If the publishers actually WANT to expose data they could solve the problem in a year. Get the authors to provide InChIs (yes, organometallics are hard) and spectra as CML. All the tools exist.
“My intuition is that the HOSE-code approach, neural network approach and LSR approach will outperform the GIAO approach. Certainly these approaches would be much faster I believe. It would be good to compare the outcome of your studies with these other prediction algorithms and if the data is open then it will make for a good study.Will it be possible to download the entire dataset with predicted list of shifts in a standard consumable format such as SDF?”
I am a supporter of the HOSE code and NN approach, but I have also been impressed with the GIAO method. The time taken is relatively unimportant. A 20-atom molecule takes a day or so, smaller ones are faster. We can run 100 jobs a day – so 30,000 a month. That’s larger than NMRShiftDB.
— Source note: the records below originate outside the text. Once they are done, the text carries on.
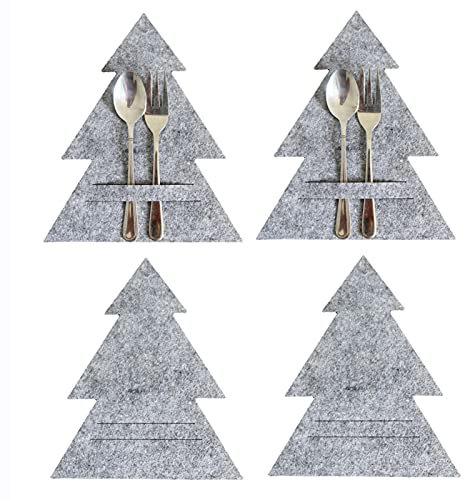Merting 4 PCS Tannenbaum Besteckhalter Bestecktaschen Für Weihnachten Aus Filz, Weihnachtsbaum Bestecktasche Tischdeko Urlaub Party Abendessen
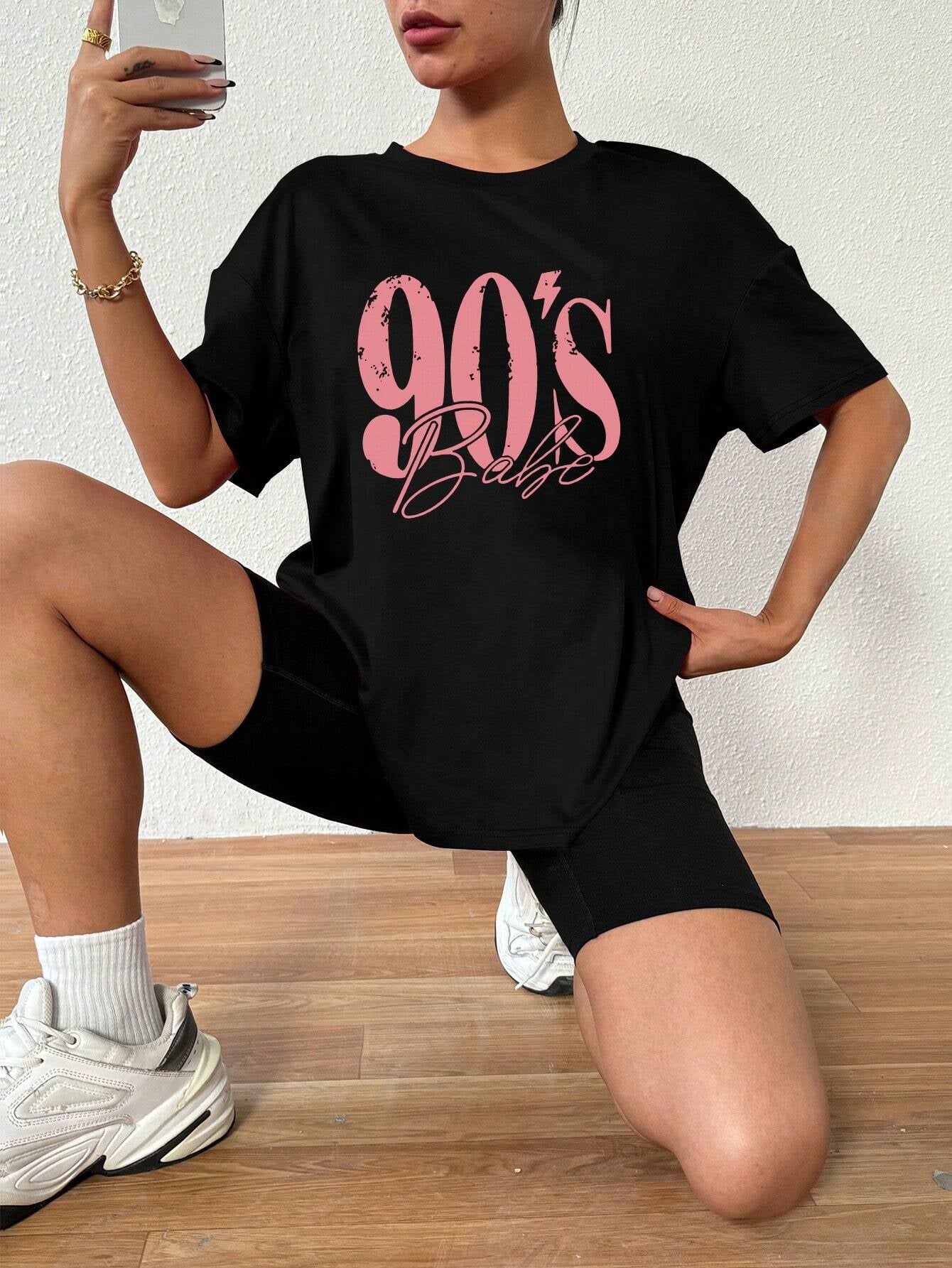 Vavaluxe Ladies" Summer Loose Drop Shoulder T-Shirt with Letter Print and Simple Style Oversized Fit Graphic Tees Women Tops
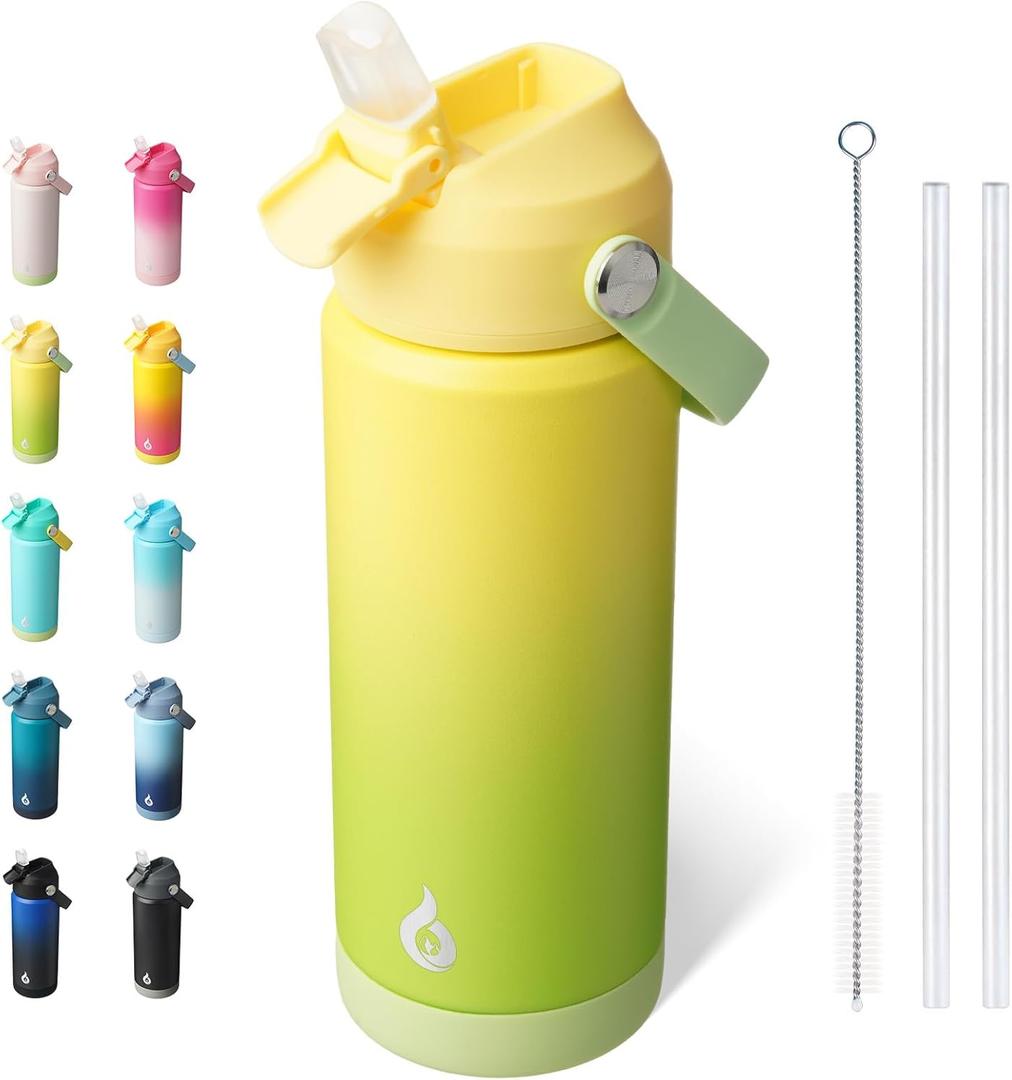 BJPKPK Insulated Water Bottle with Straw Lid, 18oz Thermos Water Bottles, Flex Handle & Non-slip Boot, BPA Free Leak Proof Stainless Steel Metal Thermos, Tumblers, Cups,Fresh Green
We shall expose everything as CML. This is far more useful than SDF – e.g. atoms and peaks have clear structures. We’ll probably use an APP (Atom Publishing Protocol)
The main effort is trying to get more data. Here we won’t outline our strategy or the publishers may try to prevent the work before it starts (Wiley sent lawyers to Shelley Batts for posting a single graph with 10 points, so what would they do for a whole spectrum?).
I have extended George Whitesides’ ideas of writing papers that in doing research one should write the final paper first (and then of course modify it as you go along). So here’s what we will have accomplished (please correct mistakes):
We adapted Rychnovksy’s method of calculating 13C NMR shifts by adding (XXX) basis set and functionals (Henry has done this). We extracted 1234 spectra with predicted 3D geometries for rigid molecules in NMRShiftDB (no acyclic-acyclic bond nodes for heavy atoms). Molecules had < = 21 heavy atoms (<= Cl). These were optimised using Gaussian XXX and the isotropic magnetic tensors calculated using correction for the known solvent. The shift was subtracted from the calculated TMS shift (in the same solvent) and the predicted shift compared with the observed.
Initially the RMS deviation was xxx. This was due to a small number of strucures where there appeared to be gross errors of assignment. These were exposed to the community who agreed that these should be removed. The RMS dropped to yyy. The largest deviations were then due to Y-C-X systems, where a correction was applied (with theoretical backing). The RMS then dropped to zzz. The main outliers then appeared to be from laboratory AAA to whom we wrote and they agreed that their output format introduced systematic errors. They have now corrected this. The RMS was now zzz. The deviations were analysed by standard chemoinformatics methods and were found to correlate with the XC(=Z)Y group which probably has two conformations. A conformational analysis of the system was undertaken for any system with this group and the contributions from different conformers averaged. The RMS now dropped to vvv.
This established a protocol for predicting NMR spectra to 99.3% confidence. We then applied this to spectra published in 2007 in major chemical journals. We found that aa% of spectra appeared to be misassigned, and that bb% of suggested structures were "wrong" – i.e. the reported chemical shifts did not fit the reported spectra values.
We argue that if spectra and compounds were published in CMLSpect in the supplemental data it would be possible for reviewers and editors to check the "correctness" on receipt of the manuscript. We wrote to all major editors. aa% agreed this was a good idea and asked us to help. bb% said they had no plans and the community liked things the way it is. cc% said that if we extracted data they would sue us. dd% failed to reply.
We are submitting this journal to the Journal of Open Chemistry as it has been rejected by J. Wonderful Chem (Toll-access) because the work has been done on the Internet and is therefore junk.